Story: Sheppard, Doris Gertrude
Page 1 - Sheppard, Doris Gertrude
Sheppard, Doris Gertrude
Pianist, singer, composer, teacher
This biography was written by Adrienne Simpson and Kerry E. Cox and was first published in the Dictionary of New Zealand BiographyVolume 5, 2000
Doris Gertrude Sheppard was born in Bromley, Kent, England, on 7 February 1902, the daughter of Georgiana Baker and her husband, Charles Valentine Sheppard, a builder. The family later lived in Sydenham, London. In January 1920 Doris entered the Royal Academy of Music, London, where she studied piano with one of Britain’s finest soloists and accompanists, Harold Craxton. She also took singing lessons from several different teachers. It was unusual for a student to combine two fields of study with equal success, but Sheppard won prizes for both voice and piano and received the 1925 Dove Prize ‘for general excellence, assiduity, and industry’. In September 1923 she became a sub-professor for piano, a usual progression for outstanding students.
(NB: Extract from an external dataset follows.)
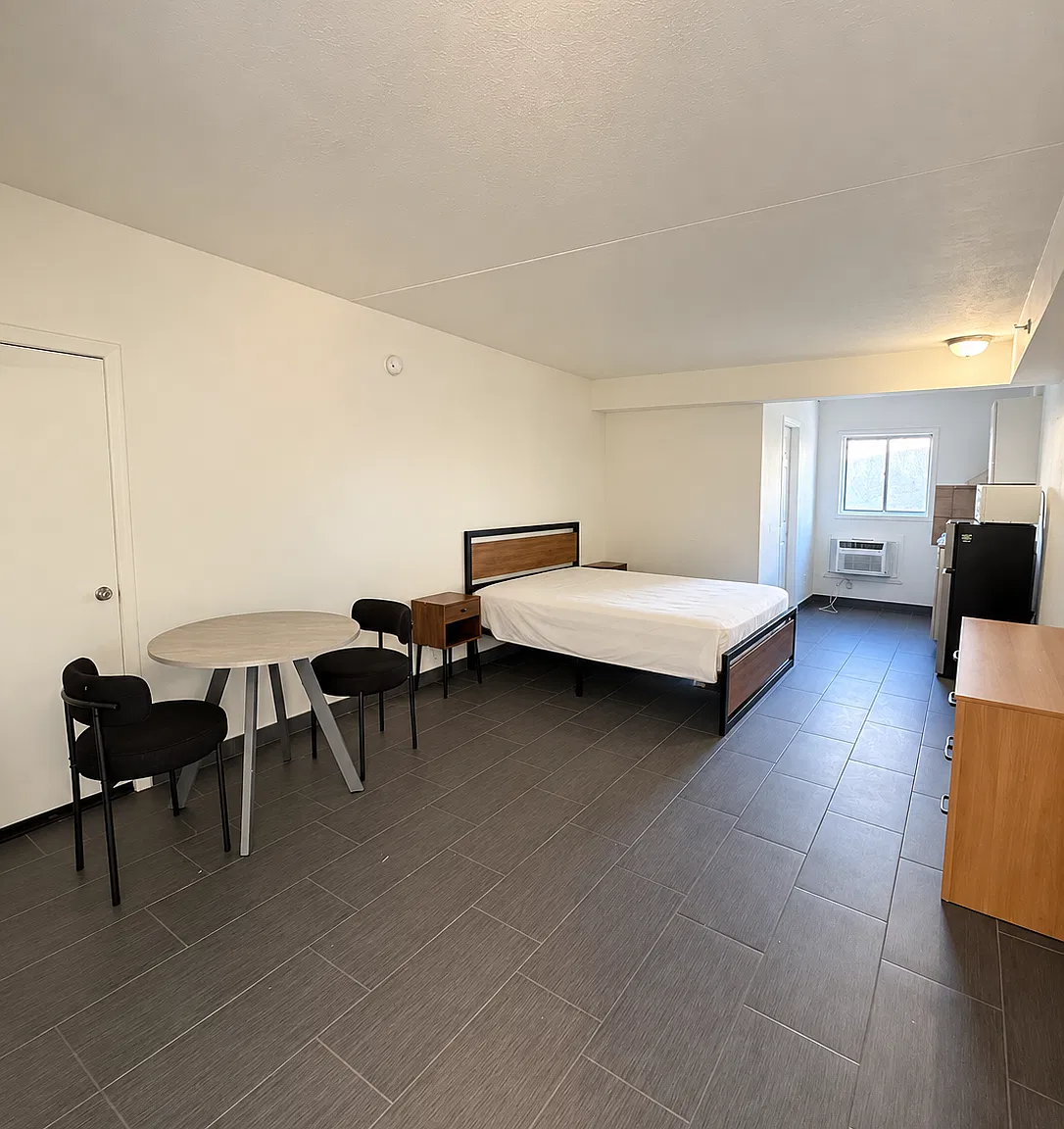 Studio, $1,000 — Photo 2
Despite finishing her studies in the summer of 1925, she retained this position until the following year. In 1928 she was elected an associate of the Royal Academy of Music.
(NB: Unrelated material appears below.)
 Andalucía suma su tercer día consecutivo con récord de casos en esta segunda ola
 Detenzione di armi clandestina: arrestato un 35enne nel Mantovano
Doris married Thomas Arthur Duckworth, a commercial traveller, on 30 November 1929 at Maidstone, Kent. This marriage ended in divorce. Little trace can be found of her for the next 17 years, although she apparently worked in India with the Hungarian–Australian violinist Robert Pikler during the 1930s. In 1946 she resumed teaching at the Royal Academy of Music, taking the Saturday school for gifted youngsters. There she met a young New Zealand baritone, Thomas Anthony Larsen, who was studying on a rehabilitation bursary following war service. They married on 1 September 1948 at Kensington, and she accompanied him back to New Zealand in January 1949. Wellington became her new home, and although she and Larsen later divorced, she remained there for the rest of her life.
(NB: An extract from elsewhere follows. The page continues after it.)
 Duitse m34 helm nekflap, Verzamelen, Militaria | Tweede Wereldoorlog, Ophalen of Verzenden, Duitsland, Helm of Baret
Sheppard was nearly 47 when she came to New Zealand, yet she threw herself into the musical life of her new country with the vigour of a woman half her age. She soon became a national artist for the New Zealand Broadcasting Service and was heard regularly on radio, both as an accompanist and soloist. Her teaching credentials attracted students and her talents were put to good use by organisations such as the New Zealand Opera Company. She acted as vocal coach for several of the company’s productions, including the famous 1961 Tosca. A versatile musician, she played jazz as easily as classical piano and was also adept at accompanying herself in performances of her own songs.
She achieved notable success as a composer. Her song cycles Vain questioning (1957) and The living theme (1965) were broadcast, and her orchestral overture The puff was workshopped by the National Orchestra alongside pieces by David Farquhar and Larry Pruden in 1955 and played on radio the following year. The orchestra also gave broadcast and concert performances of her City square overture in 1958 and 1959. Of her smaller works, the best known was the Romanza for piano, which won the 1952 Alfred Hill Competition, sponsored by the Australasian Performing Right Association (APRA). Two years later it was one of a select number of New Zealand compositions published with APRA’s assistance.
During the final year of her life Sheppard’s activities were curtailed by ill health, although she continued to teach until shortly before her death on 12 September 1982 in Wellington. She is remembered as a strong personality whose forthright opinions and insistence on high musical standards sometimes ruffled feathers. Her greatest enthusiasm, outside music, was her love of cats, which some acquaintances felt she carried almost to the point of eccentricity. She belonged to no particular musical circle and was not even a member of the Society of Registered Music Teachers in New Zealand, despite participating in many of their meetings as a performer and composer.
For more than two decades she gave pleasure to thousands of radio listeners with her eclectic and intelligently planned radio recitals, but her most important contribution to her adopted country was as the first woman to gain a measure of national repute as a composer. By writing successfully for symphony orchestra she effectively dispelled the myth that women could only produce small-scale works for drawing-room performance. Together with the younger Dorothea Franchi and Dorothy Freed, she led the way for many other women who have made their mark as composers in New Zealand since the mid 1960s.